Grrrl Zine Fair is my first foray into anything that looks remotely like a business or comes close to earning me a living. I’ve had other fairly unsuccessful ventures, like running a club night at university, or a part-artwork part-shoe brand part-DJ pseudonym called Hyperfemme. I still have 30 pairs of painted customised high heels in my dad’s garage.

A moment when I considered giving it all up was when I was on Job Seekers’ Allowance and organised a whole fair and paid myself £50 from the door money. I also LOVE to take stuff on, so I’ve had my fair share of burn-out. In fact, in 2018 I didn’t do any zine fairs. I hosted panel talks, library pop ups and workshops but just mentally couldn’t handle the admin of another fair. I was working two minimum wage jobs whilst juggling the talks and pop ups so didn’t have the capacity at the time.

Some good advice from my dad is; ‘Don’t let the bastards get you down!’, which has been really helpful in terms of coming to realise that not everyone wants you to do well. You can have the best will in the world and someone will look to trip you up or make it difficult. It’s important to stick to your guns and trust your gut.

Don’t wait for anyone to give you the authority to do something, just start doing it.

It’s important to embrace failure. It can be quite scary at first but it’s helpful to remember you’re a multifaceted human being who will fail sometimes, and as long as you are authentic and willing to learn, open to evolving, then you’ll be ok.

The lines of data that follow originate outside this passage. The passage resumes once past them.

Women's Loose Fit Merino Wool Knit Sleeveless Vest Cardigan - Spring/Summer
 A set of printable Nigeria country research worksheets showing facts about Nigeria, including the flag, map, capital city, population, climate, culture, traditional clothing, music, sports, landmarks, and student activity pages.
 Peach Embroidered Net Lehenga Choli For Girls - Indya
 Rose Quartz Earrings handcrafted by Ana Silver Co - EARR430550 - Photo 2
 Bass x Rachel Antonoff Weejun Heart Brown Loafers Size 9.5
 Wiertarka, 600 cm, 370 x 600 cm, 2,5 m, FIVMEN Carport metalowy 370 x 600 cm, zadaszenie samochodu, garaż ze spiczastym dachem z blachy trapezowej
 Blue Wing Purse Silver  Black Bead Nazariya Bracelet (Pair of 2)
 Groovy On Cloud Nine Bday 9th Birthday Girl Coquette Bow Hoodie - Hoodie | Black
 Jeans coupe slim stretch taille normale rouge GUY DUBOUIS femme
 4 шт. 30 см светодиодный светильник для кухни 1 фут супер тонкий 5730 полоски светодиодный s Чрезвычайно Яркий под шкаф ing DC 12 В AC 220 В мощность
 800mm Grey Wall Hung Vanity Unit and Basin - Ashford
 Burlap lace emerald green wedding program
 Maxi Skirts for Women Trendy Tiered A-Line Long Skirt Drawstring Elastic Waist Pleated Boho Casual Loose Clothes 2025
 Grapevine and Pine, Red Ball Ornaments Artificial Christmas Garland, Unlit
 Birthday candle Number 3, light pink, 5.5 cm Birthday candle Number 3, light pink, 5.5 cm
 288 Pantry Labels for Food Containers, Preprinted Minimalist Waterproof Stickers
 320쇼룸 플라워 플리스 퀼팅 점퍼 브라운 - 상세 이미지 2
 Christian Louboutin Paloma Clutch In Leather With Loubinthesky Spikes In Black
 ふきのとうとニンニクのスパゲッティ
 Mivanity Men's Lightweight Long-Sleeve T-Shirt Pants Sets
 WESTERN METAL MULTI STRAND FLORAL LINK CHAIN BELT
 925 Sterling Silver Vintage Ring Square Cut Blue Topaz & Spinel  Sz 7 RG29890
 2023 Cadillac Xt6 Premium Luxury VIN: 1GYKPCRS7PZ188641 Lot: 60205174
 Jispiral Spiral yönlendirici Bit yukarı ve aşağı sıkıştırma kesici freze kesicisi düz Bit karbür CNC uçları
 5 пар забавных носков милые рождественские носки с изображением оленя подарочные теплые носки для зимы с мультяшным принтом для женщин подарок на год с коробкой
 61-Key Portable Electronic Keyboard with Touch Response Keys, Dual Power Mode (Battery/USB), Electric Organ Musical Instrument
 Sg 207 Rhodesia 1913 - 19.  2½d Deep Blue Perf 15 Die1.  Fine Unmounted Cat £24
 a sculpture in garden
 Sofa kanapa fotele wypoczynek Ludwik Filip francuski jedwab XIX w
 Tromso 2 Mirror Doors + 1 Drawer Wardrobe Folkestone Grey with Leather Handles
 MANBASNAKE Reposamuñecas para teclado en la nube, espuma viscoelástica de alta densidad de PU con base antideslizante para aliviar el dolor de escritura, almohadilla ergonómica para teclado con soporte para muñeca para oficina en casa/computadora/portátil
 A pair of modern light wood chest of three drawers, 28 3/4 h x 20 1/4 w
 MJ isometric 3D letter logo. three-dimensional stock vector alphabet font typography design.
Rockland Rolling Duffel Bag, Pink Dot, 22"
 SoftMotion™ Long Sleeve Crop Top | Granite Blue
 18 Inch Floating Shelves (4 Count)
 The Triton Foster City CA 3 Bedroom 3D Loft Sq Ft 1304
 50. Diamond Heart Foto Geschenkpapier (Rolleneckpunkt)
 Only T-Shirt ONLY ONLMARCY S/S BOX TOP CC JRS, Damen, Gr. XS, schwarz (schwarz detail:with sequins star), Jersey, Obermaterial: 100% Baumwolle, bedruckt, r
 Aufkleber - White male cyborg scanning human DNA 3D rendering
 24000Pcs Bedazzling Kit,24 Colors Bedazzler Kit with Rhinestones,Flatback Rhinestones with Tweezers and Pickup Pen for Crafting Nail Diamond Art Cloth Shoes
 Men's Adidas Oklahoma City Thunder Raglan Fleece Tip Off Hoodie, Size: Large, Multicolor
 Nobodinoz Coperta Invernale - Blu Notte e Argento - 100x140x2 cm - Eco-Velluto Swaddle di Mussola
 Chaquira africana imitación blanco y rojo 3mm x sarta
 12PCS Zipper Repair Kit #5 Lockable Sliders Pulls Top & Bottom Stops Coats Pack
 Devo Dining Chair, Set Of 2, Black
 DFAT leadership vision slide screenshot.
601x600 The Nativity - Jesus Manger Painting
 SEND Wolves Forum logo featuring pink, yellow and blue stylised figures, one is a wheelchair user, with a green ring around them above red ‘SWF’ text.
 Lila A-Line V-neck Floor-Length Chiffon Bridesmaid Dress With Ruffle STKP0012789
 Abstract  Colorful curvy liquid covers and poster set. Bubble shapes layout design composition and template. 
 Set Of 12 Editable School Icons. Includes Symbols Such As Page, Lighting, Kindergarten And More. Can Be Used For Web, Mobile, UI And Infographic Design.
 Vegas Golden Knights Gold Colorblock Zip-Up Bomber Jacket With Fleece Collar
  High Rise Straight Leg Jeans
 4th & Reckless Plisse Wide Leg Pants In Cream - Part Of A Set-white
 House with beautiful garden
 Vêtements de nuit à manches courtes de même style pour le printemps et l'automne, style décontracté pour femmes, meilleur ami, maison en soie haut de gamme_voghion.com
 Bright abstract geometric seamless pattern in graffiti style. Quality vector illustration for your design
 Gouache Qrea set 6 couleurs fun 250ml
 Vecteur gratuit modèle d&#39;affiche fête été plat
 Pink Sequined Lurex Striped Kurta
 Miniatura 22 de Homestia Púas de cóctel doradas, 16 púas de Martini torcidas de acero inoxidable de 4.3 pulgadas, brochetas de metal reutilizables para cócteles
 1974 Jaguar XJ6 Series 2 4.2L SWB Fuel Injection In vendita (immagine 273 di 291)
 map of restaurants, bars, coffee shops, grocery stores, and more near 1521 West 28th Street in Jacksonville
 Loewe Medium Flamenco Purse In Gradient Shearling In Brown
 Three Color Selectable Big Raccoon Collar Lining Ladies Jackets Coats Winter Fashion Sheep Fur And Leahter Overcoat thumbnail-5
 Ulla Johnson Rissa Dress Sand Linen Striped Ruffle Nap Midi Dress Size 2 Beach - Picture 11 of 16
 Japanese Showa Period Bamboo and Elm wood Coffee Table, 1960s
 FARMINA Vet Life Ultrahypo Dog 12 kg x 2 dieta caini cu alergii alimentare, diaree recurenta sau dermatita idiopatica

I cannot express how much, especially those of us who work in the arts, need to think about how we can include others and not act as gatekeepers. There’s often so much pretension within art, fashion, sometimes zine making; that it’s just a show for other people in the industry. If you really want to make change, work with local communities, try your hand at inspiring some kids, invite people who aren’t interested in being ‘cool’ to your events. I don’t mean to sound flippant but it’s important to not forget about communities that are outside of the echo chamber.